Harikrishnan S, Sunder K R, Tharakan J, Titus T, Bhat A, Sivasankaran S, Bimal F
Department of Cardiology, Sree Chitra Tirunal Institute for Medical Sciences and Technology, Thiruvananthapuram.
Indian Heart J. 1999 Sep-Oct;51(5):503-7.
Myocardial bridging describes an angiographic entity, which is any degree of systolic narrowing of a coronary artery observed in at least one angiographic projection. Among the cineangiograms of 3200 patients reviewed, there were 21 cases (19 males) of myocardial bridges--incidence of 0.6 percent. Of these, seven had hypertrophic cardiomyopathy, six had atherosclerotic coronary artery disease and remaining eight had no evidence of either. All 21 patients had myocardial bridges in proximal or mid left anterior descending coronary artery. In addition, one case of hypertrophic cardiomyopathy had whole posterior descending coronary artery under a myocardial bridge. Another case of hypertrophic cardiomyopathy had a short normal segment of 5 mm inside a long myocardial bridge of 35 mm (tandem myocardial bridges). The length of the bridges varied from 10 to 35 mm (mean 24.5 +/- 4.5 mm) and diameter stenosis during systole varied from 40-90 percent (mean 70 +/- 8%). Two patients had large saccular coronary aneurysms proximal to the muscle bridge. Four of the eight patients who had neither hypertrophic cardiomyopathy nor coronary artery disease presented with acute anterior wall myocardial infarction and three of them had regional wall motion abnormality of left descending territory. Of the six patients who had coronary artery disease, one had 60 percent left descending artery lesion and two had recanalized segments proximal to the bridge.

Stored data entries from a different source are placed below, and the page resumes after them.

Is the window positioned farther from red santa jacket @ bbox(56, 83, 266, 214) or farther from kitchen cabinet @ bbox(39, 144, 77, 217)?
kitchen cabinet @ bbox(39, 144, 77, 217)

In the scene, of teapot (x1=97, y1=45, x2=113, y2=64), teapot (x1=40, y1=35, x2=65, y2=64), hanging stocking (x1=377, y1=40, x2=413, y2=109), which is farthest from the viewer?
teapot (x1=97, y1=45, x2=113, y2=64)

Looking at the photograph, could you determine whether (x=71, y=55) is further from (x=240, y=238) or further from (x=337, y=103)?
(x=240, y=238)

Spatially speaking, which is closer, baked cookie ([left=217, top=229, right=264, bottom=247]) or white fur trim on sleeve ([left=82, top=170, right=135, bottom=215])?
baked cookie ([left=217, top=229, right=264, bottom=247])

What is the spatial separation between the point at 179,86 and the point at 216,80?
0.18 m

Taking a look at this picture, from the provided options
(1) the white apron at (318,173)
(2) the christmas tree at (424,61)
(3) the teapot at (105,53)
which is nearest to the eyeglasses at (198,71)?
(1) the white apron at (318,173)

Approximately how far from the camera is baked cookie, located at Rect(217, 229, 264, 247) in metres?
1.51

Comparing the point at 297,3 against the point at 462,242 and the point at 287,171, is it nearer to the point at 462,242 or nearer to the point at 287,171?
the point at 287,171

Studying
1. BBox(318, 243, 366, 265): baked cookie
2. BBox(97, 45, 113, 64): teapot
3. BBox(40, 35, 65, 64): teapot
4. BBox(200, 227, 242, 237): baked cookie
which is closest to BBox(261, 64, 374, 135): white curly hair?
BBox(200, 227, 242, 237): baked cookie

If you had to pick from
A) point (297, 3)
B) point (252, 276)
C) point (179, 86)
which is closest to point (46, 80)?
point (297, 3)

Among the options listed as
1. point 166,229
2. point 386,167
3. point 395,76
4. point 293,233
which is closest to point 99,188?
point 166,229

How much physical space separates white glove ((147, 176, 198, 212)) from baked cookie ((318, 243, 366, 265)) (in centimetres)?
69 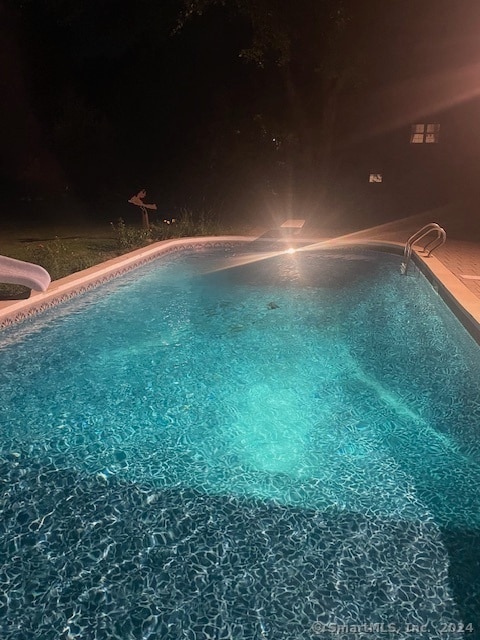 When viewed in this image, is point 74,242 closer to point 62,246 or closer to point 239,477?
point 62,246

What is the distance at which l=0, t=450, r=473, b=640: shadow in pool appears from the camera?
280 cm

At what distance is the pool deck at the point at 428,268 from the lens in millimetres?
7106

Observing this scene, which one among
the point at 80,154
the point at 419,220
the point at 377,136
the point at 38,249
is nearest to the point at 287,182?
the point at 377,136

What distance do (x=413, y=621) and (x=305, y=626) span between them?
642 mm

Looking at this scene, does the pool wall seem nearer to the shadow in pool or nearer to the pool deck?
the pool deck

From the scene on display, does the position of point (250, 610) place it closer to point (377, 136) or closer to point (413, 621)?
point (413, 621)

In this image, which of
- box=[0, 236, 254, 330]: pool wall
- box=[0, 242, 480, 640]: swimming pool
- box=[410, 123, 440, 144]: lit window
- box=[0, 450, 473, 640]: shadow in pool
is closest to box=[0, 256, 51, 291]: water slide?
box=[0, 236, 254, 330]: pool wall

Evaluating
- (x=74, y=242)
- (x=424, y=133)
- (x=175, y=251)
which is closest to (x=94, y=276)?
(x=175, y=251)

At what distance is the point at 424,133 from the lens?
64.5 feet

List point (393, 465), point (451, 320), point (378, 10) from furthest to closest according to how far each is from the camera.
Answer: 1. point (378, 10)
2. point (451, 320)
3. point (393, 465)

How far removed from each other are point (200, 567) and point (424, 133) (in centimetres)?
2055

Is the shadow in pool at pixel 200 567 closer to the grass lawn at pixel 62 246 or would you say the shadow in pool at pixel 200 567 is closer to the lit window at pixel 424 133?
the grass lawn at pixel 62 246

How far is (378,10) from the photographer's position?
616 inches

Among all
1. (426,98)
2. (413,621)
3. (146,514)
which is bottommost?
(413,621) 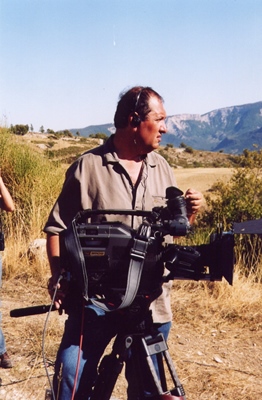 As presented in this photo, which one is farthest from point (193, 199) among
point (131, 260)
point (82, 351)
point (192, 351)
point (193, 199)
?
point (192, 351)

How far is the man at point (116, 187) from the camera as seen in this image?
1.91 metres

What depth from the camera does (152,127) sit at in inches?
80.7

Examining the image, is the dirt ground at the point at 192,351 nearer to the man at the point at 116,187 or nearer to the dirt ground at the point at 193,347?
the dirt ground at the point at 193,347

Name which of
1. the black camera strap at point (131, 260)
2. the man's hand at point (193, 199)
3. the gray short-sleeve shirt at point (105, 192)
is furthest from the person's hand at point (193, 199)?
the black camera strap at point (131, 260)

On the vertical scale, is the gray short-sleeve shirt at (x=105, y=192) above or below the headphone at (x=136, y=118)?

Five of the above six patients had significant stenosis of other coronary vessels. Four patients were lost to follow-up (mean period 3.4 +/- 2 years). In the coronary artery disease group, one patient underwent coronary artery bypass graft surgery for 3-vessel disease including graft to left descending artery and one developed inferior wall myocardial infarction. The patients in the hypertrophic cardiomyopathy group and "no hypertrophic cardiomyopathy-no coronary artery disease" group were free of events at last follow-up. Long-term prognosis of isolated myocardial bridges appears to be excellent. Degree of systolic narrowing or length of myocardial bridge does not correlate with event rates on follow-up.
心肌桥描述的是一种血管造影表现,即在至少一个血管造影投照位上观察到冠状动脉出现任何程度的收缩期狭窄。在回顾的3200例患者的电影血管造影片中,有21例(19例男性)心肌桥,发生率为0.6%。其中,7例患有肥厚型心肌病,6例患有动脉粥样硬化性冠状动脉疾病,其余8例无上述两种疾病的证据。所有21例患者的心肌桥均位于左前降支冠状动脉近端或中段。此外,1例肥厚型心肌病患者的整个后降支冠状动脉位于心肌桥下。另1例肥厚型心肌病患者在35毫米长的心肌桥内有一段5毫米长的正常节段(串联心肌桥)。心肌桥长度为10至35毫米(平均24.5±4.5毫米),收缩期直径狭窄率为40%至90%(平均70±8%)。2例患者在肌桥近端有巨大囊状冠状动脉瘤。8例既无肥厚型心肌病也无冠状动脉疾病的患者中有4例发生急性前壁心肌梗死,其中3例有左降支区域室壁运动异常。6例患有冠状动脉疾病的患者中,1例左降支动脉病变达60%,2例在肌桥近端有再通节段。上述6例患者中有5例其他冠状动脉有明显狭窄。4例患者失访(平均随访期3.4±2年)。在冠状动脉疾病组中,1例因三支血管病变接受冠状动脉搭桥手术,包括搭桥至左降支动脉,1例发生下壁心肌梗死。肥厚型心肌病组和“无肥厚型心肌病-无冠状动脉疾病”组的患者在最后一次随访时均无事件发生。孤立性心肌桥的长期预后似乎良好。收缩期狭窄程度或心肌桥长度与随访事件发生率无关。